2007-01-24

Great Free Services and Tools

DevjaVu: Free subversion and Trac hosting for your code. Great, warmly attitude from the start of the terms of service to their mode of implementation. You want something like Trac, especially for its timeline of recent commits, in my experience. The issue tracker and its automated ties to checkin messages ("Closes #4", for instance) is another great feature to have. Spoil yourself!

Userscripts.org uses this, since some time. It's rather easy to check out the code base for contributing, by the way; it wasn't many minutes before I had a test us.o server of my own running.

Google Code: Another free subversion repository hosting for your code, of a recognized brand. Very nice and visible way of declaring repository content licenses -- how kindly you allow others to use your work, for one thing. I have started migrating my growing collection of user scripts there, starting with most recent additions. I am a sucker for keeping a tidy repository, so I have postponed checking in my old junk until I've taken an inventory of what is still useful. Committing things somewhere is a rewarding feeling, when you're at the next good state, and recording a message of the change is simply priceless.

Greasemonkey is tentatively moving its code base and wiki here. Voices on the GM list have it the repository is a bit slow at times. I have not suffered much from it myself yet, but with my choice of repository, I would probably not notice even rather horrible performance.

Subtlety: Regardless of your pick of subversion repository, letting others keep up to date with what you do in it by way of feed is a snap with this beautiful Camping tool. Feed it a subversion repository URL and it gives you an RSS feed of commits, listing the checkin message, and links to the files it affected. It is of course similarly an excellent way of yourself keeping track of projects other people, perhaps not even including yourself, work on; here is one tracking the progress of Exhibit by David Huynh of the MIT Simile project. Which brings me to the subject of...

Exhibit. This is a beautiful client side tool for visualizing, resorting and filtering information in all sorts of ways. I'm fairly confident this is where browser technology is heading, and I'm all for helping us get there a little quicker. So is David. Applied Semantic Web research does not come much more applied than this, and you can do beautiful things with this baby. I'm tinkering with a few blue sky ideas of my own, and played rather heavily with the Google Spreadsheets integration it just grew this weekend.

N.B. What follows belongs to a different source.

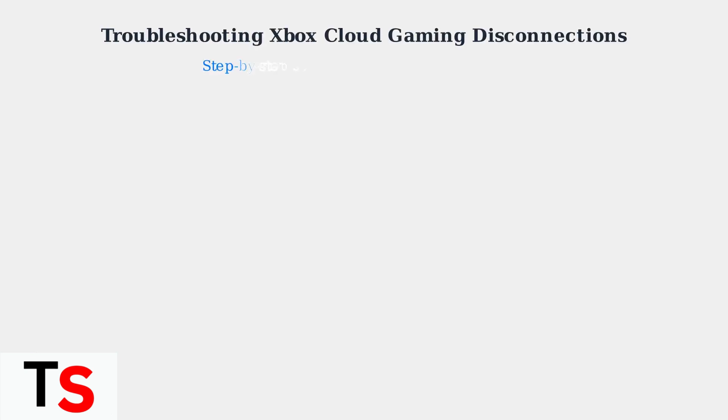Experiencing disconnections during Xbox Cloud Gaming can be extremely frustrating, especially when you're in the middle of an intense gaming session. Let's walk through the essential troubleshooting steps to get you back to gaming smoothly.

If you cared to skim through that page, have or create some Google Spreadsheets (they import comma separated values, for instance) and tag up column titles as it expects, you can head over to my instant exhibit page and try it out right away. It will lack many of the features view customization gives you, but it is still a great place to start. Due to some slight lunacy with the JSONP exported by Google Spreadsheets, so far, the top left column (A:1) isn't present in the feed, so Exhibit, for the time being, decides it reads {label} -- in other words, keep your label property in the first column and settle for having it a string, for the time being.

Google Pages: Finally some decent, large capacity (at least 100 megabytes, anyway) hosting, without a lot of fuss. Even if you, like me, don't care much for their WYSIWYG page builders and templates, there is that neat feature on the right of the page where you can upload your own files and have them show up right on the site right away, whether graphics, javascript, HTML or otherwise. Recommended. For all I know, you can't subdivide your data into directories yet, but to just have somewhere to dump things, you might not need to.

Adsense Black List: For AdSense web masters, this is a cooperative effort to use the AdSense competitive ad filter -- not to avoid linking competitors, but to cut off the "minimum-pay" slack on the low end of the bell curve of earnings per click. A rather good idea to improve outbound links. And for us visitors? Fewer links to made-for-AdSense sites of 100% junk.